🐭 Weakly supervised NER with skweak

This tutorial will walk you through the process of using Rubrix to improve weak supervision and data programming workflows with the skweak library.

  • Using skweak and spaCy, we define heuristic labeling functions for the CoNLL 2003 dataset.

  • We combine those with a pretrained NER model and use an aggregation model from skweak to obtain noisy NER annotations.

  • We then log the documents to Rubrix and visualize the results via its web app.

  • With the noisy labels, we fine-tune a spaCy NER model.

  • Adding labeling functions from gazetteers to our aggregation model, we revise the updated noisy annotation with Rubrix, and retrain the spaCy model.

  • Instead of a spaCy model, we fine-tune a transformers model with the help of the simpletransformers library.

Visualization of the skweak aggregation model in Rubrix


Our goal is to show you how you can incorporate Rubrix into data programming workflows to programatically build training data with a human-in-the-loop approach. We will use the skweak library.

What is weak supervision? and skweak?

Weak supervision is a branch of machine learning based on getting lower quality labels more efficiently. We can achieve this by using skweak, a library for programmatically building and managing training datasets without manual labeling.

This tutorial

In this tutorial, we bring content from the Quick Start Named-Entity Recognition and the Step-by-step NER tutorials from skweak’s documentation and show you how to extend weak supervision workflows with Rubrix.

We will take records from the CoNLL 2003 dataset and build our own annotations with skweak. Then we are going to evaluate NER models trained on our annotations on the standard development set of CoNLL 2003.


Rubrix, is a free and open-source tool to explore, annotate, and monitor data for NLP projects.

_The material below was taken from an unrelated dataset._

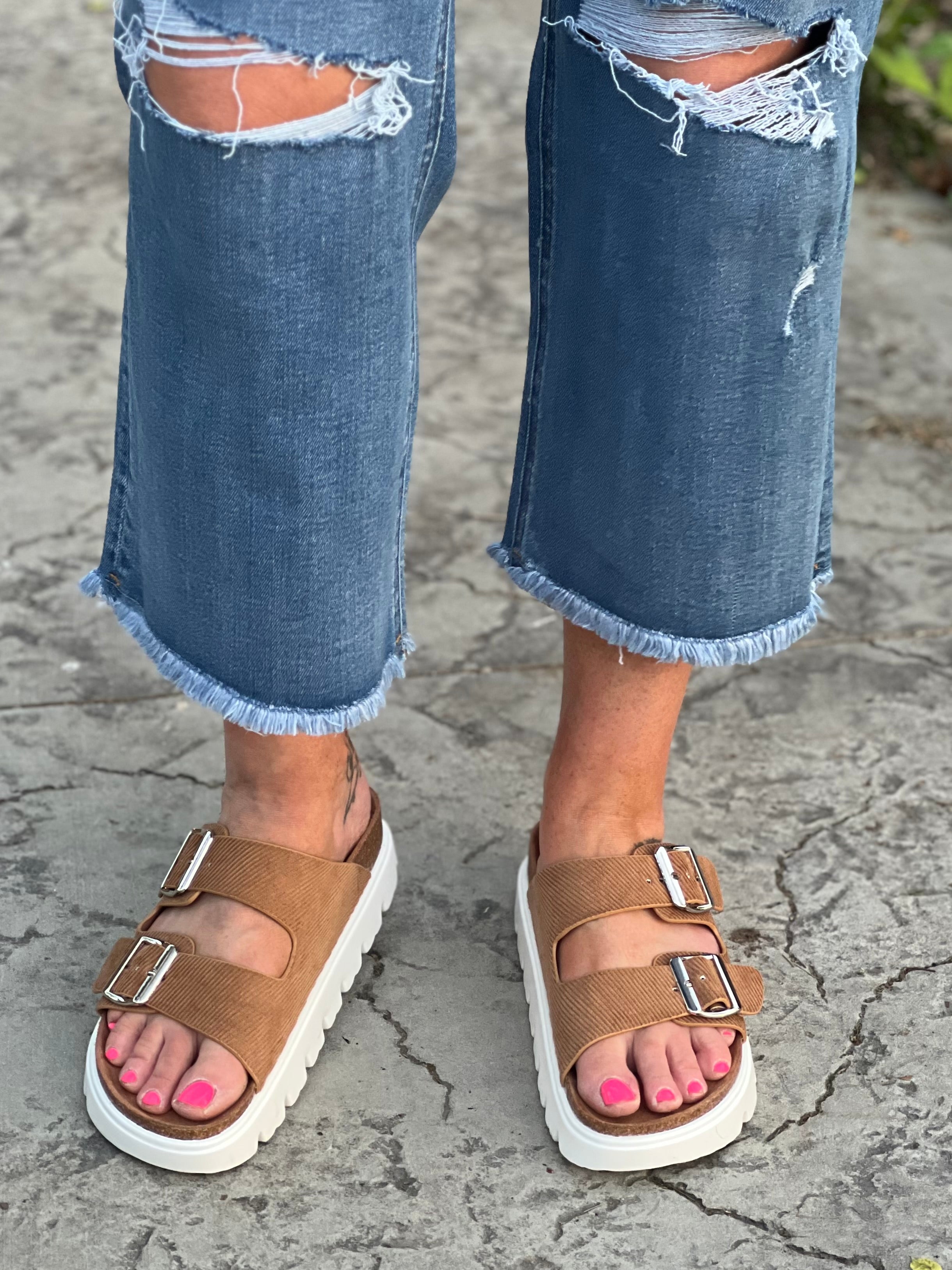 Jazmin Sandals Very G In Tan FINAL SALE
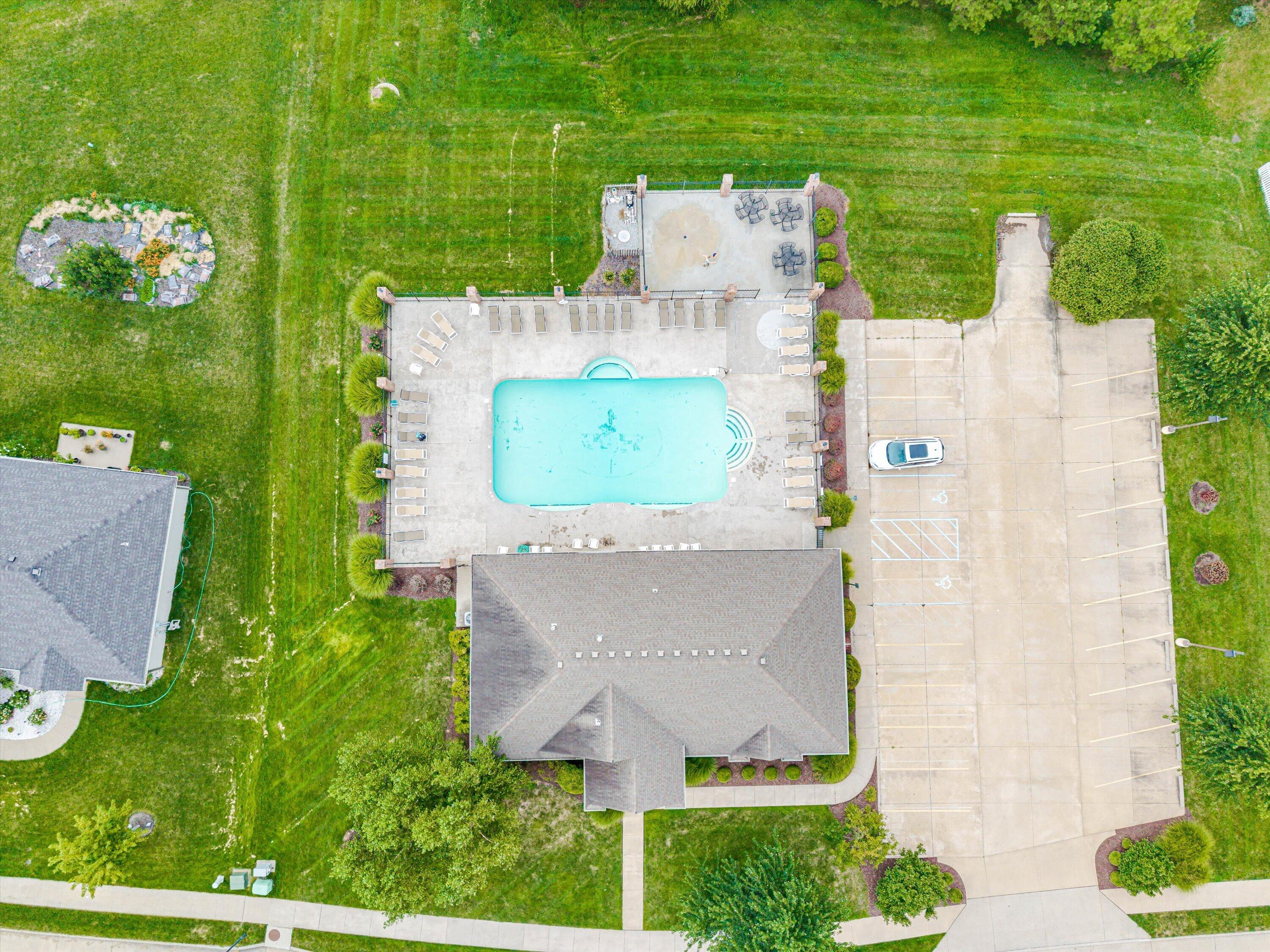 4001 ASTORIA WAY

If you are new to Rubrix, check out the ⭐ Github repository.

If you have not installed and launched Rubrix yet, check the Setup and Installation guide.

For this tutorial we also need some third party libraries that can be installed via pip:

%pip install skweak spacy simpletransformers -qqq
!python -m spacy download en_core_web_sm -qqq
!python -m spacy download en_core_web_md -qqq

Named Entity Recognition with skweak and Rubrix

Rubrix allows you to log and track data for different NLP tasks (such as Token Classification or Text Classification).

In this tutorial, we will use the English portion of the CoNLL 2003 dataset, a standard Named Entity Recognition benchmark.

The dataset

In this tutorial we’ll be using skweak’s data programming methods for programatically building a training set with the help of Rubrix for analizing and reviewing data. We’ll then train a model with this training set.

Although the gold labels for the training set of CoNLL 2003 are already known, we will purposefully ignore them, as our goal in this tutorial is to build our own annotations and see how well they perform on the development set.

We will load the CoNLL 2003 dataset with the help of the datasets library.

[ ]:
from datasets import load_dataset

dataset = load_dataset("conll2003")


Next, we simplify the tagset by replacing numbers with tags and removing the BIO encoding.

[ ]:
tag_set = {'O': 0, 'B-PER': 1, 'I-PER': 2, 'B-ORG': 3, 'I-ORG': 4, 'B-LOC': 5, 'I-LOC': 6, 'B-MISC': 7, 'I-MISC': 8}
tag_set = { v:k for k,v in tag_set.items() }

def convert_ner_tags(record, tag_set=None):
    record['ner_tags'] = [ tag_set[x] for x in record['ner_tags'] ]
    return record

def strip_BI_tags(record):
    record['ner_tags'] = [ x.lstrip('B-').lstrip('I-') for x in record['ner_tags'] ]
    return record

dataset = dataset\
    .map(convert_ner_tags, fn_kwargs={"tag_set": tag_set})\

We will now convert the training and validation splits of our dataset into spaCy Doc objects.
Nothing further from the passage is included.